Photo Richard Bell
Almost 40% of England’s seas are designated as marine protected areas. Their stated purpose, according to the government, is to protect and recover rare, threatened and important marine ecosystems from damage caused by human activities. Yet in the four years to 2024, trawlers using vast nets, including those that scour the seabed, caught more than 1.3 million tonnes of fish within them, according to official UK and EU fisheries data analysed by Greenpeace UK.
“The government claims vast areas of UK waters are protected, but the reality is a national scandal,” said Chris Thorne, senior oceans campaigner at Greenpeace UK. “Protection means nothing if these hulking industrial trawlers are allowed to devastate crucially important areas. MPAs should be safe havens where our incredible marine life and ecosystems can recover and thrive. Instead they remain protected only on paper and precious ocean life is being pushed to the brink.”
What the data shows
Of the 1.347 million tonnes caught inside MPAs between 2020 and 2024, over one million tonnes were taken by pelagic trawlers — vessels deploying enormous nets up to 240 metres wide and 50 metres long. A further 250,000 tonnes were caught using bottom-towed gear, including bottom trawlers that drag heavy nets across the seabed, obliterating marine ecosystems. EU vessels accounted for around 800,000 tonnes of the total catch; UK vessels for around 545,000 tonnes.
Bottom trawling is widely considered the world’s most destructive fishing method, generating high levels of bycatch and releasing significant quantities of carbon stored in seabed sediments. As of 2024, the UK has designated 377 MPAs covering nearly 350,000 square kilometres of UK waters.
Years of delay
A process to ban bottom trawling across the MPA network began in 2020, when new legislation gave the government powers to restrict fishing for conservation purposes in UK coastal waters. Six years later, the byelaws required to implement those restrictions remain in the consultation phase. The process is structured in four stages; the UK is currently partway through stage three, covering 42 further MPAs, with stage four – protecting harbour porpoise and certain bird species – yet to reach consultation.
Campaigners argue that successive governments have dragged their feet, allowing industrial fishing to continue in areas that were supposed to be recovering. The Guardian asked the Department for Environment, Food and Rural Affairs why trawlers were permitted to extract such volumes from supposedly protected areas, and whether this defeated the purpose of their designation. Defra had not replied by the time of publication.
Beyond bottom trawling
Even if a full bottom trawling ban were implemented, Greenpeace warns it would not be sufficient. The one million tonnes taken by pelagic gear — which would not be restricted by current proposals — demonstrates that marine life inside UK MPAs would remain heavily exposed. Thorne called for an end to all industrial fishing in UK MPAs: “Banning bottom trawling in some sites would be a step forward, but other destructive fishing methods would still be allowed and much of the MPA network would remain vulnerable. If the government wants to show real leadership on ocean protection, it must stop all industrial fishing in UK MPAs and work with other states to properly protect 30% of the wider Atlantic Ocean by 2030, including the Sargasso Sea.”
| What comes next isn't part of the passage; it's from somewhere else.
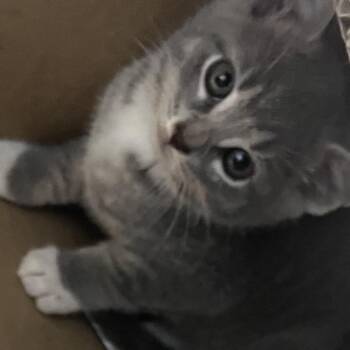 Leorio -  Domestic Short Hair Cat for Adoption in Philadelphia, Pennsylvania - Leorio | PetCurious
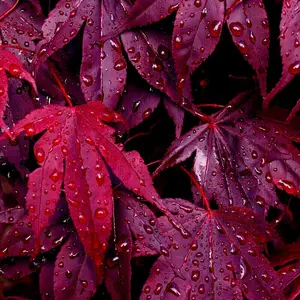 5 "BLOODGOOD" Red Japanese Maple Tree Seeds (Palmatum atropurpureum) Hardy Bonsai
The findings land against a backdrop of acute concern about fish stock health. A report last year found North Sea cod, Celtic Sea cod, Irish Sea whiting, Irish Sea herring and North Sea horse mackerel were all at critically low levels yet continued to be overfished. Last month, Waitrose suspended sales of mackerel following a Marine Conservation Society warning that it too was being overfished and at risk of population collapse. NGOs also took the Dutch government to court last month for permitting bottom trawling in a protected area of the North Sea.
Thorne framed the scale of the problem in stark terms: “Just beneath the surface of our seas, right here in the UK, lies an extraordinary world of marine life — from shoals of colourful fish to dolphins to seahorses — but it’s facing a level of vandalism greater than we’d ever accept on land. Since leaving the EU, the UK government has had full powers to properly protect our marine protected areas. Yet many remain little more than lines on a map.”